At times, general practices are approached by research teams to recruit eligible patients into specific studies which require access to identifiable information. You may be approached by a member of our practice team to participate in research. Researchers will not approach you directly without your express consent having been provided to the practice. If you provide consent, you would then receive specific information on the research project and how your personal health information will be used, at which point you can decide to participate or not participate in the research project.


How are document automation technologies used?


Document automation is where systems use existing data to generate electronic documents relating to medical conditions and healthcare. 

The practice uses document automation technologies to create documents such as referrals, which are sent to other healthcare providers. These documents contain only your relevant medical information.

These document automation technologies are used through secure medical software Healthlink.

All users of the medical software have their own unique user credentials and password and can only access information that is relevant to their role in the practice team.

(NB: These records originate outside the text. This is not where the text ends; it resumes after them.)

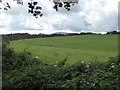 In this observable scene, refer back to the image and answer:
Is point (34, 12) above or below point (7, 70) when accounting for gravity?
above

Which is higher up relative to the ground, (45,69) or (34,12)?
(34,12)

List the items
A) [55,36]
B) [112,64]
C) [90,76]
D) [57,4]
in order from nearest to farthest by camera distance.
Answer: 1. [57,4]
2. [90,76]
3. [112,64]
4. [55,36]

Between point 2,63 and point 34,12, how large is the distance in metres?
5.32

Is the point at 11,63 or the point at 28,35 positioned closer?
the point at 11,63

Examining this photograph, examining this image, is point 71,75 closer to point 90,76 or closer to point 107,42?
point 90,76

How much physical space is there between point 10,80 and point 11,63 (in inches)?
174

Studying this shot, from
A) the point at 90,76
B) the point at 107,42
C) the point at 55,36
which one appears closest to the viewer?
the point at 90,76

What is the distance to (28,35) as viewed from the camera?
44344 millimetres

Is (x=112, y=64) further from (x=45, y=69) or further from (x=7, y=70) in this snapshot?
(x=7, y=70)

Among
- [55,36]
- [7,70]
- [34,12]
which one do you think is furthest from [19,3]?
[55,36]

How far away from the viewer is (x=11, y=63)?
1977 centimetres

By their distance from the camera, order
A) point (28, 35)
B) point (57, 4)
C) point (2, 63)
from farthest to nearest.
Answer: point (28, 35)
point (2, 63)
point (57, 4)

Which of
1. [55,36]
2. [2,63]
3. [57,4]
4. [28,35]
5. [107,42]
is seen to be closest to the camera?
[57,4]

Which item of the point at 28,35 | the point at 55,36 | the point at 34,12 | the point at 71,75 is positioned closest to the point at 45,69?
the point at 71,75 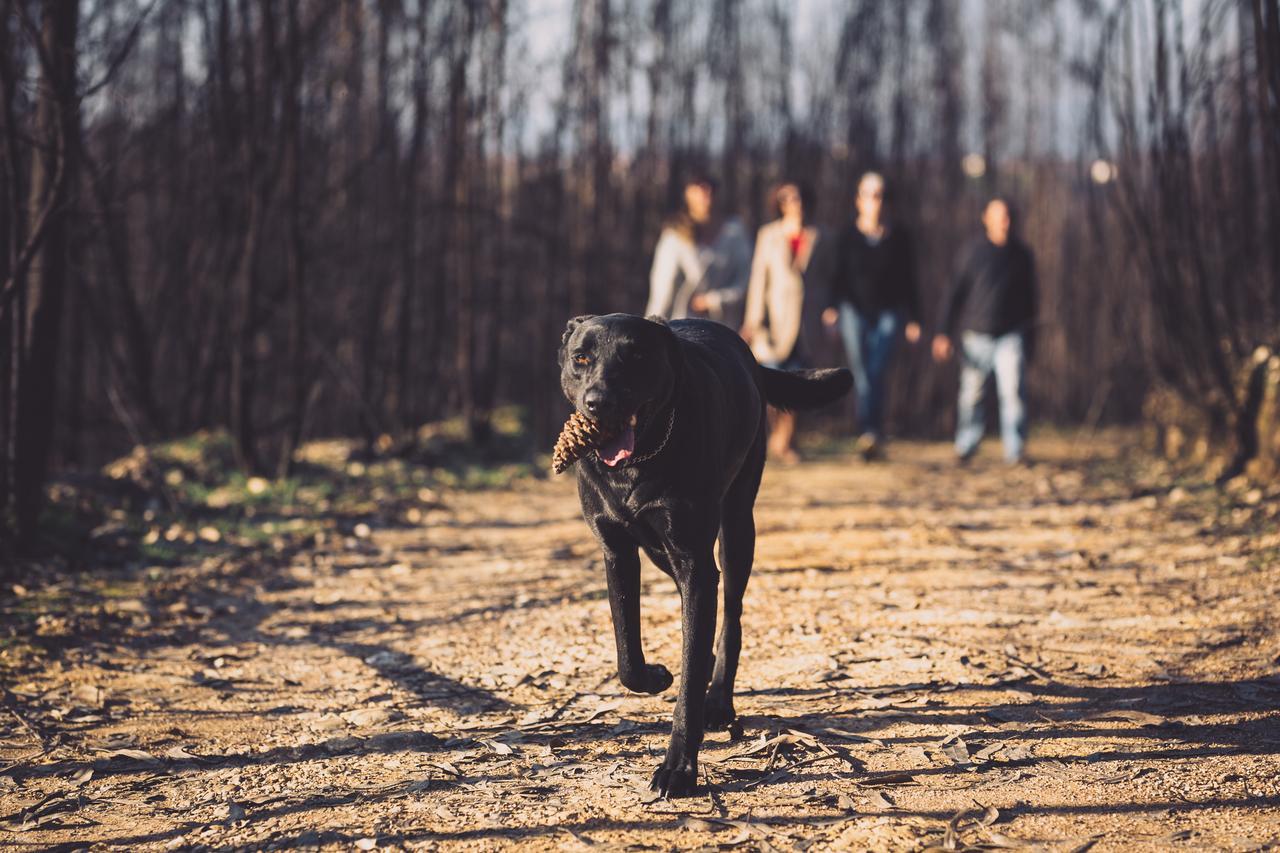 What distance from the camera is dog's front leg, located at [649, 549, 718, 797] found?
10.4ft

The practice complies with the Australian privacy legislation and APPs to protect your information.

All data, both electronic and paper are stored and managed in accordance with the Royal Australian College of General Practitioners Privacy and managing health information guidance.


How are Artificial Intelligence (Ai) Scribes used?

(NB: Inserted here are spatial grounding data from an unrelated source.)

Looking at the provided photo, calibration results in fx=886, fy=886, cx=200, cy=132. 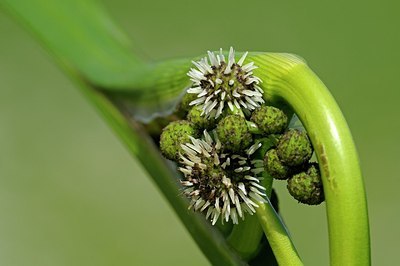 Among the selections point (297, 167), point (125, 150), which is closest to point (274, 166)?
point (297, 167)

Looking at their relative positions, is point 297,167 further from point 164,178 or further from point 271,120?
point 164,178

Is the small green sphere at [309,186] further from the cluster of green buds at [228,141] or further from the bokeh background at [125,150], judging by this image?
the bokeh background at [125,150]

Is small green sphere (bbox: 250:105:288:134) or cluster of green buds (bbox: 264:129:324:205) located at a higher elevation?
small green sphere (bbox: 250:105:288:134)

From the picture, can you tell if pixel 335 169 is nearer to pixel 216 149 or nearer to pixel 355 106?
pixel 216 149

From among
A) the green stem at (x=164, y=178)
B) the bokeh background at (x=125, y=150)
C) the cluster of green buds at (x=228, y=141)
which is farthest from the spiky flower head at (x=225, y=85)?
the bokeh background at (x=125, y=150)

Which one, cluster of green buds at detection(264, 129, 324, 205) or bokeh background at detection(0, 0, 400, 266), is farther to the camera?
bokeh background at detection(0, 0, 400, 266)

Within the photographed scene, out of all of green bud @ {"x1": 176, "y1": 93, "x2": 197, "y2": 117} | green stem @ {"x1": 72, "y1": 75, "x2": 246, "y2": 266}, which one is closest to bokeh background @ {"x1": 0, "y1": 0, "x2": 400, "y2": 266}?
green stem @ {"x1": 72, "y1": 75, "x2": 246, "y2": 266}

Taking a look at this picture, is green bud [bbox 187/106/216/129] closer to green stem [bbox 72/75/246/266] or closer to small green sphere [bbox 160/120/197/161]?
small green sphere [bbox 160/120/197/161] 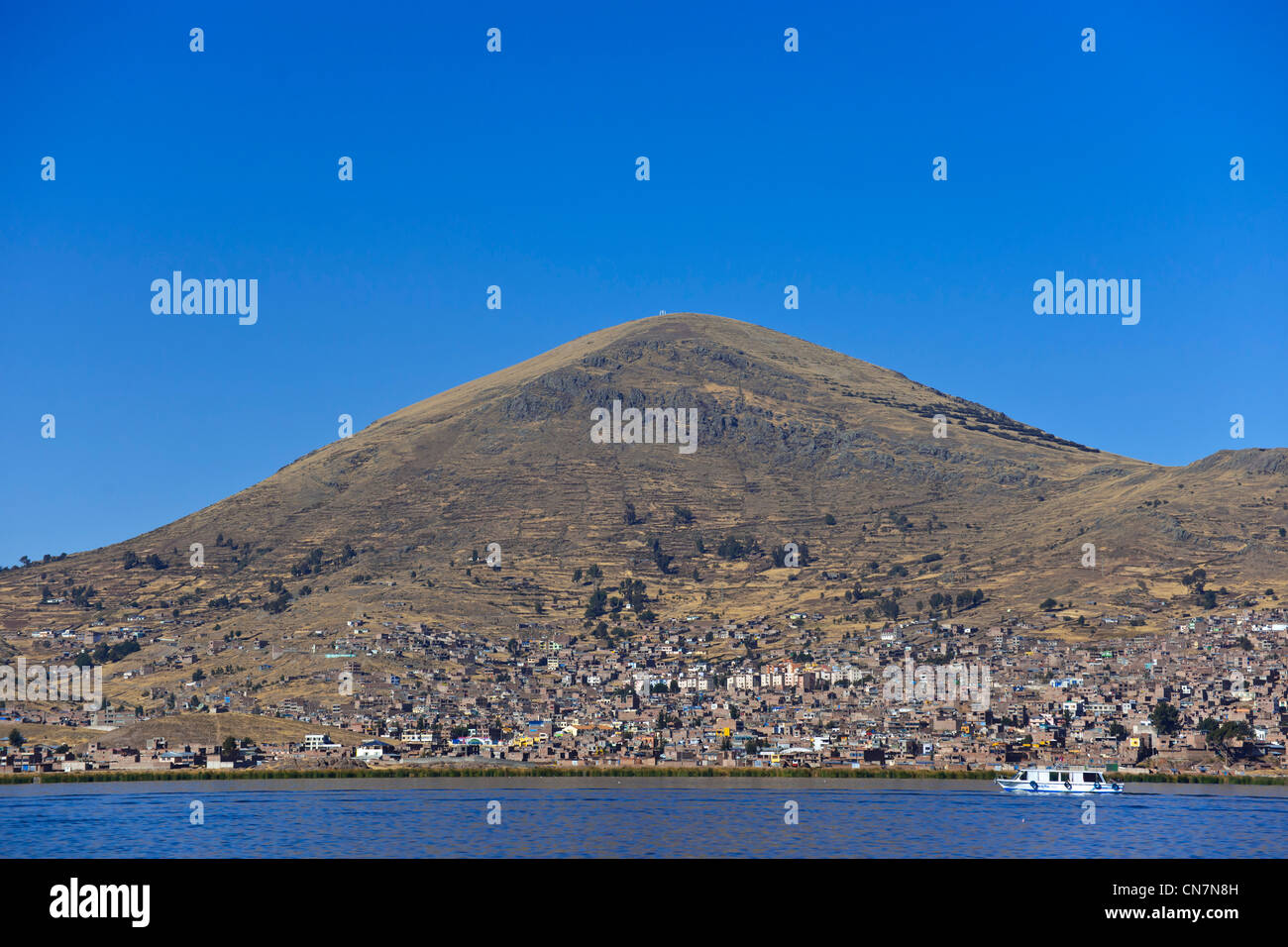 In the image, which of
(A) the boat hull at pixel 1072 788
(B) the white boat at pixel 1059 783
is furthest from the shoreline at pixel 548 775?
(A) the boat hull at pixel 1072 788

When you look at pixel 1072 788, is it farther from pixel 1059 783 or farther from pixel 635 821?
pixel 635 821

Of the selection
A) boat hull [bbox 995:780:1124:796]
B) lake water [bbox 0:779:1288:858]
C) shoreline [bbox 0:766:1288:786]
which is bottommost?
shoreline [bbox 0:766:1288:786]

The practice uses an AI scribe tool to support GPs take notes during their consultations with you. The AI scribe uses an audio recording of your consultation to generate a clinical note for your health record. The practice AI scribe service is Heidi.

Heidi:

·        does/does not share information outside of Australia

·        destroys/stores the audio file once the transcription is complete.

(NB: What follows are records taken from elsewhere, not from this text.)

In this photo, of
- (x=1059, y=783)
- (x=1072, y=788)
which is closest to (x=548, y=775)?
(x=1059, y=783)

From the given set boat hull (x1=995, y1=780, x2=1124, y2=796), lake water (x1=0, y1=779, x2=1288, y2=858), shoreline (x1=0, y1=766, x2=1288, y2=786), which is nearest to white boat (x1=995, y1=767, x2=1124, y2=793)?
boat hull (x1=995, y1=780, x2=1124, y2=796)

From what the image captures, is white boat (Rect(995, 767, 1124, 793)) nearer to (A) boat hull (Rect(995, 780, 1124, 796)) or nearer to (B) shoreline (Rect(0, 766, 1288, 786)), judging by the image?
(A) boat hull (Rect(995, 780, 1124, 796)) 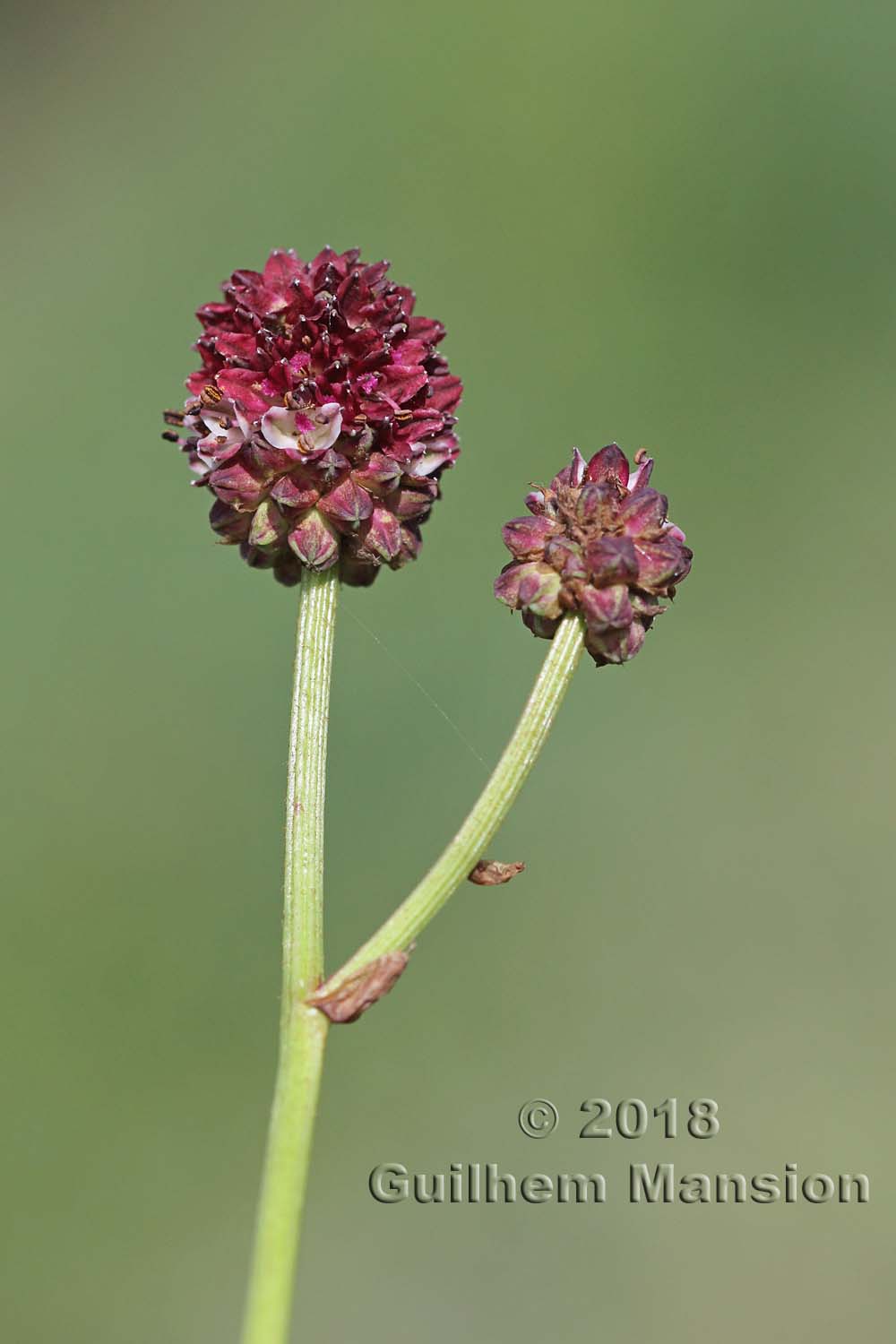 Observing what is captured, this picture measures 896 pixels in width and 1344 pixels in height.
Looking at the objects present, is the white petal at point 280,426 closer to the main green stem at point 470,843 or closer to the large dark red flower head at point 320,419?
the large dark red flower head at point 320,419

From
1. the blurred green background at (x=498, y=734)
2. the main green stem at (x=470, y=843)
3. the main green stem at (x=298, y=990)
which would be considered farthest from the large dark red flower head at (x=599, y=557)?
the blurred green background at (x=498, y=734)

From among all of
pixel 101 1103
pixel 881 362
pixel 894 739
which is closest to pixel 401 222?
pixel 881 362

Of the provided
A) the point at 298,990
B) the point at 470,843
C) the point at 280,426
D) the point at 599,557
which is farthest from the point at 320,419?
the point at 298,990

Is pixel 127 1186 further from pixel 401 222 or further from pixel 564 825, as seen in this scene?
pixel 401 222

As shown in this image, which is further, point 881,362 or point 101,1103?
point 881,362

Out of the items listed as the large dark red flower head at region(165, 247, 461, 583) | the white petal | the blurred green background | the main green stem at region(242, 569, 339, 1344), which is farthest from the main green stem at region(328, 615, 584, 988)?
the blurred green background

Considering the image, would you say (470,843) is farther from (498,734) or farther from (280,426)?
(498,734)

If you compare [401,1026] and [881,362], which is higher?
[881,362] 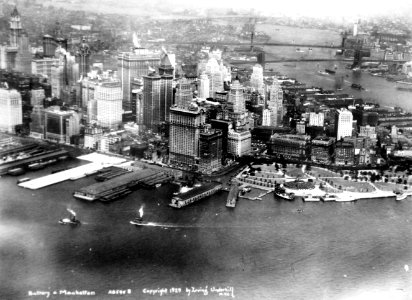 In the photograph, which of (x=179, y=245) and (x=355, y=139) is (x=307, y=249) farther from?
(x=355, y=139)

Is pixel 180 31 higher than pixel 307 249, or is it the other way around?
pixel 180 31

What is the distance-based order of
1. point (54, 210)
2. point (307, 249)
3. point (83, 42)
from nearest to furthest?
point (307, 249) → point (54, 210) → point (83, 42)

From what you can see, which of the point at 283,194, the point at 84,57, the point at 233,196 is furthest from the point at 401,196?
the point at 84,57

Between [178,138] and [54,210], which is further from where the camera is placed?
[178,138]

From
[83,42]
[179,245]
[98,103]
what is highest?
[83,42]

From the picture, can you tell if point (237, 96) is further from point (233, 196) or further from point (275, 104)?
point (233, 196)

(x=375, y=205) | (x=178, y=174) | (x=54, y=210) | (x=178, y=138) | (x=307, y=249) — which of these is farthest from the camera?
(x=178, y=138)

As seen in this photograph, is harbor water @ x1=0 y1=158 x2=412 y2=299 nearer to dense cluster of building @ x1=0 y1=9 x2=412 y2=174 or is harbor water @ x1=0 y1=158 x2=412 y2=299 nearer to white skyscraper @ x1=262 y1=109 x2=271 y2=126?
dense cluster of building @ x1=0 y1=9 x2=412 y2=174

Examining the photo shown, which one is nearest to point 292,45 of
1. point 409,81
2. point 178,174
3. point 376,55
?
point 376,55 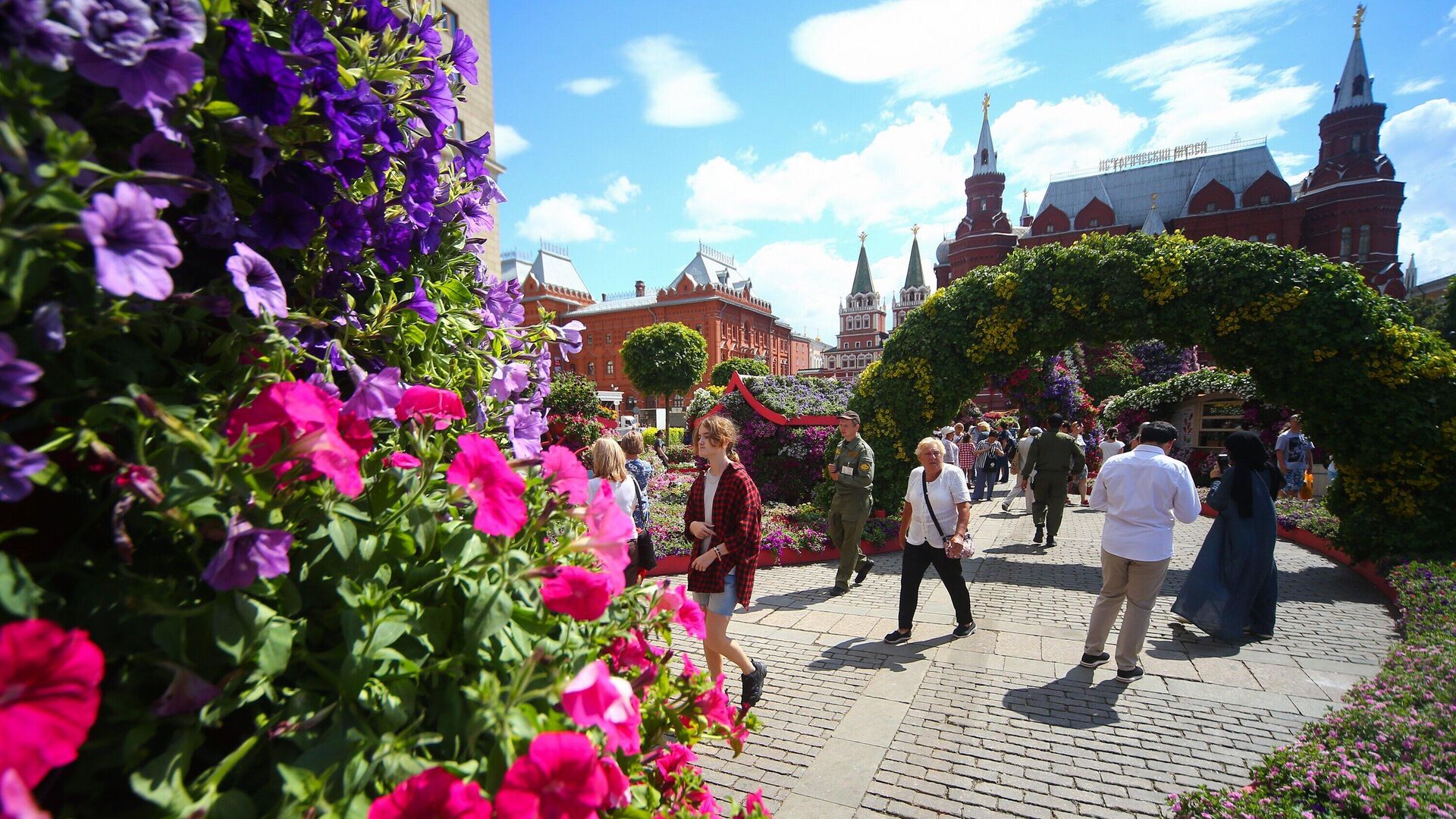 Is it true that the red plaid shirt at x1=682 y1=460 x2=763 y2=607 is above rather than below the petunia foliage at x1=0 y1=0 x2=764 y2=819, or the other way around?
below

·        removes/retains sensitive, personal identifying information as part of the transcription 

The practice will only use data from our digital scribe service to provide healthcare to you.


How can you access and correct your personal information at our practice?


You have the right to request access to, and correction of, your personal information. Our practice acknowledges patients may request access to their medical records. We require you to put this request in writing and our practice will respond within 30 days. A fee may be incurred for recovery, inspection, collating, copying, postage and recovery off site if applicable.

Our practice will take reasonable steps to correct your personal information where the information is:

·        Not accurate or up to date.

·        We will ask you to verify your personal information held by our practice is correct and up to date. You may also request that we correct or update your information, and you should make such requests in writing to the Practice or emailed to The Practice Manager at pm@mtbarkerbalhannahmedical.com.au


Notifiable data breaches


We are required to notify the Office of the Australian Information Commissioner about eligible data breaches. A data response team has been established to assess, take remedial action and report where required a suspected breach.


How can you lodge a privacy related complaint, and how will the complaint be handled at our practice?


We take complaints and concerns regarding privacy seriously. You should express any privacy concerns you may have in writing or email to The Practice Manager at pm@mtbarkerbalhannahmedicalclinics.com.au 

We will then attempt to resolve it in accordance with our resolution procedure and within a reasonable time frame not exceeding 30 days.

You may also contact the Office of the Australian Information Commissioner (OAIC). Generally, the OAIC will require you to have contacted Mt Barker & Balhannah Medical Clinics and given us time to respond, before they investigate.

For further information visit

 www.oaic.gov.au

 or call the OAIC on 1300 363 992.


Privacy and our website


All of the above privacy policy applies via interaction on our website


Policy review statement


This Privacy policy is reviewed regularly to ensure it is in accordance with any changes that may occur. Notification of any substantive amendments to this policy will appear on our website as well as notification within our waiting room area.